====== Extracted entries

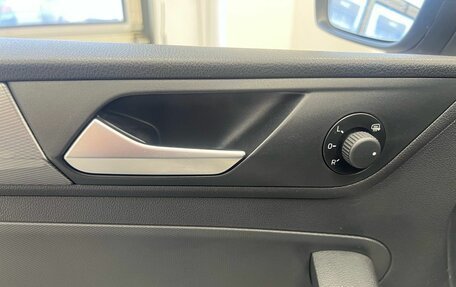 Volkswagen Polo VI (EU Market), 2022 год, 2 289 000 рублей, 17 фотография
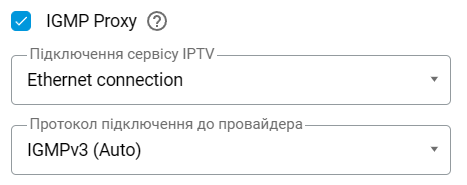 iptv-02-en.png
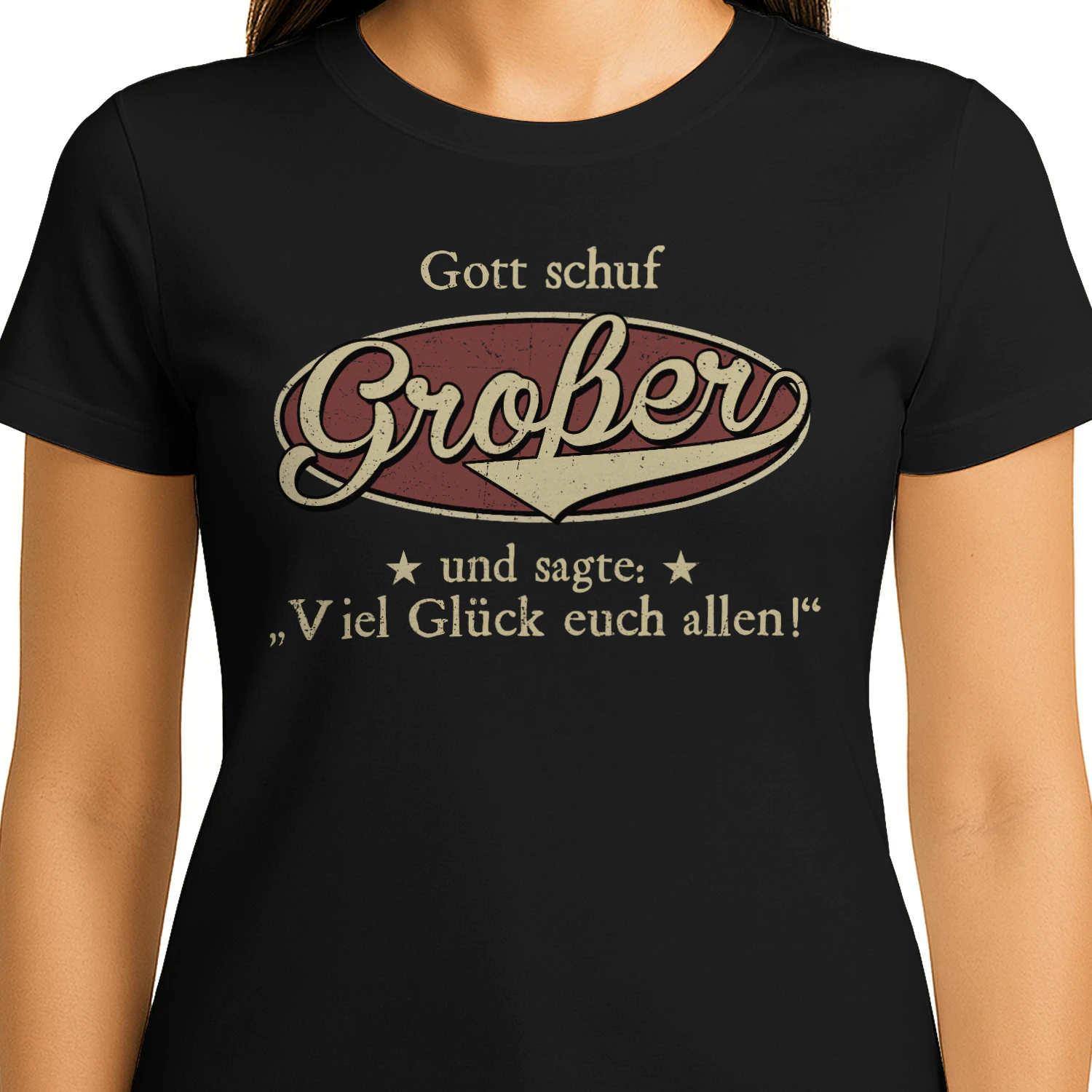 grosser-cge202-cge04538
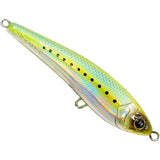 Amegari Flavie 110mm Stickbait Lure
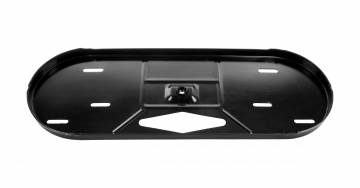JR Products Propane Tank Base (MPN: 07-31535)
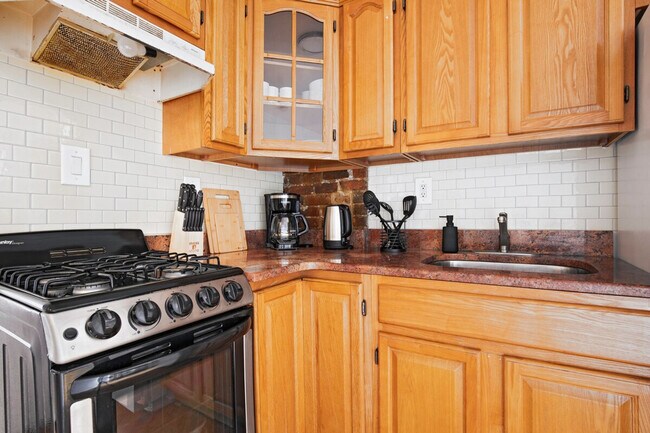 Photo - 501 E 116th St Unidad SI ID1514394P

============

What the exercise asks.
Copy exactly the lines from the line holding "JR Products Propane Tank Base (MPN: 07-31535)" to the final line of the listing, and leave the pictures out.

Solution to this problem.
JR Products Propane Tank Base (MPN: 07-31535)
 Photo - 501 E 116th St Unidad SI ID1514394P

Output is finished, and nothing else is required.